WHAT YOU WILL DO:
Word for word, restate the records that follow.

START RECORDED DATA

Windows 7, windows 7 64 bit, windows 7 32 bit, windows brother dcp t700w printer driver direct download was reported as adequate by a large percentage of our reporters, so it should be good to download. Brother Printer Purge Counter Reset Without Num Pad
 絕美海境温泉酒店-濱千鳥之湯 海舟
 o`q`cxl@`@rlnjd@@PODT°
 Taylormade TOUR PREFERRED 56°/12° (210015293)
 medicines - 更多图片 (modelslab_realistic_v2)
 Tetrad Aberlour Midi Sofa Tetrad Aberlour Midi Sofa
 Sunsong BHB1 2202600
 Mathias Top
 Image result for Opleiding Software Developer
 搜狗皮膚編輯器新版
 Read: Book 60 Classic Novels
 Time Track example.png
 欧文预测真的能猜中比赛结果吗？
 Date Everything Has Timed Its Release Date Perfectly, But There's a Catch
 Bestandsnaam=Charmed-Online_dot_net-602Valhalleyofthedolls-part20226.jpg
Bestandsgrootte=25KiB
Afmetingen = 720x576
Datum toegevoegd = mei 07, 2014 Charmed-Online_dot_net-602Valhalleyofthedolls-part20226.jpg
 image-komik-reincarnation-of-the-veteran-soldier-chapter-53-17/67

END RECORDED DATA

RESULT OF THIS EXERCISE:
Windows 7, windows 7 64 bit, windows 7 32 bit, windows brother dcp t700w printer driver direct download was reported as adequate by a large percentage of our reporters, so it should be good to download. Brother Printer Purge Counter Reset Without Num Pad
 絕美海境温泉酒店-濱千鳥之湯 海舟
 o`q`cxl@`@rlnjd@@PODT°
 Taylormade TOUR PREFERRED 56°/12° (210015293)
 medicines - 更多图片 (modelslab_realistic_v2)
 Tetrad Aberlour Midi Sofa Tetrad Aberlour Midi Sofa
 Sunsong BHB1 2202600
 Mathias Top
 Image result for Opleiding Software Developer
 搜狗皮膚編輯器新版
 Read: Book 60 Classic Novels
 Time Track example.png
 欧文预测真的能猜中比赛结果吗？
 Date Everything Has Timed Its Release Date Perfectly, But There's a Catch
 Bestandsnaam=Charmed-Online_dot_net-602Valhalleyofthedolls-part20226.jpg
Bestandsgrootte=25KiB
Afmetingen = 720x576
Datum toegevoegd = mei 07, 2014 Charmed-Online_dot_net-602Valhalleyofthedolls-part20226.jpg
 image-komik-reincarnation-of-the-veteran-soldier-chapter-53-17/67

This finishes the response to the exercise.